• _PROBLEM REQUIREMENTS_
The entries follow. Print each one exactly.

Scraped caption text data
----------------
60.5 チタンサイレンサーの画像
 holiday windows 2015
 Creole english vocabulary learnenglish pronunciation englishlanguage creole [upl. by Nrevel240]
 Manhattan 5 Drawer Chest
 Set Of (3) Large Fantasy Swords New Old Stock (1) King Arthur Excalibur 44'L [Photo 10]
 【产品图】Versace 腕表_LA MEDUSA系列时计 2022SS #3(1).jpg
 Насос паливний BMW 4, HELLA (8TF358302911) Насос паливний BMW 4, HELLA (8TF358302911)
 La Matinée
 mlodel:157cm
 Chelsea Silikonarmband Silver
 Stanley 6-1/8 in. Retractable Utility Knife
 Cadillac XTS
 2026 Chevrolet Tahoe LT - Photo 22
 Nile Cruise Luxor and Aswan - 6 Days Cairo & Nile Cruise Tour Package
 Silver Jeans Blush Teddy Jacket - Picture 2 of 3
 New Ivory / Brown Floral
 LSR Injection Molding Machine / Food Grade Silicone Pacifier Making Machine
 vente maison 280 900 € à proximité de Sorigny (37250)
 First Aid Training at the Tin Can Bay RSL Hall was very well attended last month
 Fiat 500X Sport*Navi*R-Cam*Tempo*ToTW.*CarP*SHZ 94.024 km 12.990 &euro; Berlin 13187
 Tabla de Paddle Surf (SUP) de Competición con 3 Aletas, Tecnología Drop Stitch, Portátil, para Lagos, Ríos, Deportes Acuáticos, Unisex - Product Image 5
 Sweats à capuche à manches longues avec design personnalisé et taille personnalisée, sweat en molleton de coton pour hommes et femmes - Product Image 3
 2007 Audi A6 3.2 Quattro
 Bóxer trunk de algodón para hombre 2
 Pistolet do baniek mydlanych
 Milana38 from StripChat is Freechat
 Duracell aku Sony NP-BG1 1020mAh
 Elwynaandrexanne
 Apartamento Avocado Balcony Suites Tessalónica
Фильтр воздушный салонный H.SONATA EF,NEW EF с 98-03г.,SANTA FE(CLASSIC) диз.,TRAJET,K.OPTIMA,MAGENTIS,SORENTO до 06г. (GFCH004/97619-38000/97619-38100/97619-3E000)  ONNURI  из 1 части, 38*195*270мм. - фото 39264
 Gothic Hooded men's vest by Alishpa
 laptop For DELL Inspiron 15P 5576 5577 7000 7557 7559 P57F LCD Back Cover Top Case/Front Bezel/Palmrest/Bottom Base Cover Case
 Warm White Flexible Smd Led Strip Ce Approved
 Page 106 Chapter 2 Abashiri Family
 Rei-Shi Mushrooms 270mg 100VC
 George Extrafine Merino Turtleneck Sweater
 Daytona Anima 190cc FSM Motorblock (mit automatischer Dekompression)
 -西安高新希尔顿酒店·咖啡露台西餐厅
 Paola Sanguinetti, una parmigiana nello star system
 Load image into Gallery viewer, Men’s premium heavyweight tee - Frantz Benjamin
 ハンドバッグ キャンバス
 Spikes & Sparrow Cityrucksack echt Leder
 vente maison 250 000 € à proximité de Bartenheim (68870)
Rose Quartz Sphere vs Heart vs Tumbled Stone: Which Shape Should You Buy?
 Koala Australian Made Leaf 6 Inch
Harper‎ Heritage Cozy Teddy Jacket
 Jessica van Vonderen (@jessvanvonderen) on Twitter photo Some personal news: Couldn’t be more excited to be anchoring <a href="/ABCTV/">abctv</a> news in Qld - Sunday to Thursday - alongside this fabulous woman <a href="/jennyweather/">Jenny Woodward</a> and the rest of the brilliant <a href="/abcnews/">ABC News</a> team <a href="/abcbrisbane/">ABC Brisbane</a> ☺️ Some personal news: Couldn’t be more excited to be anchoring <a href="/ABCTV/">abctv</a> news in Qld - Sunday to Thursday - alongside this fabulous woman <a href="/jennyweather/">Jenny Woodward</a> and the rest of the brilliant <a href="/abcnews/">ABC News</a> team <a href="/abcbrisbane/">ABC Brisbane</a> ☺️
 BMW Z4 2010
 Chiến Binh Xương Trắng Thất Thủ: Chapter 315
----------------
• _SOLVED EXERCISE_
60.5 チタンサイレンサーの画像
 holiday windows 2015
 Creole english vocabulary learnenglish pronunciation englishlanguage creole [upl. by Nrevel240]
 Manhattan 5 Drawer Chest
 Set Of (3) Large Fantasy Swords New Old Stock (1) King Arthur Excalibur 44'L [Photo 10]
 【产品图】Versace 腕表_LA MEDUSA系列时计 2022SS #3(1).jpg
 Насос паливний BMW 4, HELLA (8TF358302911) Насос паливний BMW 4, HELLA (8TF358302911)
 La Matinée
 mlodel:157cm
 Chelsea Silikonarmband Silver
 Stanley 6-1/8 in. Retractable Utility Knife
 Cadillac XTS
 2026 Chevrolet Tahoe LT - Photo 22
 Nile Cruise Luxor and Aswan - 6 Days Cairo & Nile Cruise Tour Package
 Silver Jeans Blush Teddy Jacket - Picture 2 of 3
 New Ivory / Brown Floral
 LSR Injection Molding Machine / Food Grade Silicone Pacifier Making Machine
 vente maison 280 900 € à proximité de Sorigny (37250)
 First Aid Training at the Tin Can Bay RSL Hall was very well attended last month
 Fiat 500X Sport*Navi*R-Cam*Tempo*ToTW.*CarP*SHZ 94.024 km 12.990 &euro; Berlin 13187
 Tabla de Paddle Surf (SUP) de Competición con 3 Aletas, Tecnología Drop Stitch, Portátil, para Lagos, Ríos, Deportes Acuáticos, Unisex - Product Image 5
 Sweats à capuche à manches longues avec design personnalisé et taille personnalisée, sweat en molleton de coton pour hommes et femmes - Product Image 3
 2007 Audi A6 3.2 Quattro
 Bóxer trunk de algodón para hombre 2
 Pistolet do baniek mydlanych
 Milana38 from StripChat is Freechat
 Duracell aku Sony NP-BG1 1020mAh
 Elwynaandrexanne
 Apartamento Avocado Balcony Suites Tessalónica
Фильтр воздушный салонный H.SONATA EF,NEW EF с 98-03г.,SANTA FE(CLASSIC) диз.,TRAJET,K.OPTIMA,MAGENTIS,SORENTO до 06г. (GFCH004/97619-38000/97619-38100/97619-3E000)  ONNURI  из 1 части, 38*195*270мм. - фото 39264
 Gothic Hooded men's vest by Alishpa
 laptop For DELL Inspiron 15P 5576 5577 7000 7557 7559 P57F LCD Back Cover Top Case/Front Bezel/Palmrest/Bottom Base Cover Case
 Warm White Flexible Smd Led Strip Ce Approved
 Page 106 Chapter 2 Abashiri Family
 Rei-Shi Mushrooms 270mg 100VC
 George Extrafine Merino Turtleneck Sweater
 Daytona Anima 190cc FSM Motorblock (mit automatischer Dekompression)
 -西安高新希尔顿酒店·咖啡露台西餐厅
 Paola Sanguinetti, una parmigiana nello star system
 Load image into Gallery viewer, Men’s premium heavyweight tee - Frantz Benjamin
 ハンドバッグ キャンバス
 Spikes & Sparrow Cityrucksack echt Leder
 vente maison 250 000 € à proximité de Bartenheim (68870)
Rose Quartz Sphere vs Heart vs Tumbled Stone: Which Shape Should You Buy?
 Koala Australian Made Leaf 6 Inch
Harper‎ Heritage Cozy Teddy Jacket
 Jessica van Vonderen (@jessvanvonderen) on Twitter photo Some personal news: Couldn’t be more excited to be anchoring <a href="/ABCTV/">abctv</a> news in Qld - Sunday to Thursday - alongside this fabulous woman <a href="/jennyweather/">Jenny Woodward</a> and the rest of the brilliant <a href="/abcnews/">ABC News</a> team <a href="/abcbrisbane/">ABC Brisbane</a> ☺️ Some personal news: Couldn’t be more excited to be anchoring <a href="/ABCTV/">abctv</a> news in Qld - Sunday to Thursday - alongside this fabulous woman <a href="/jennyweather/">Jenny Woodward</a> and the rest of the brilliant <a href="/abcnews/">ABC News</a> team <a href="/abcbrisbane/">ABC Brisbane</a> ☺️
 BMW Z4 2010
 Chiến Binh Xương Trắng Thất Thủ: Chapter 315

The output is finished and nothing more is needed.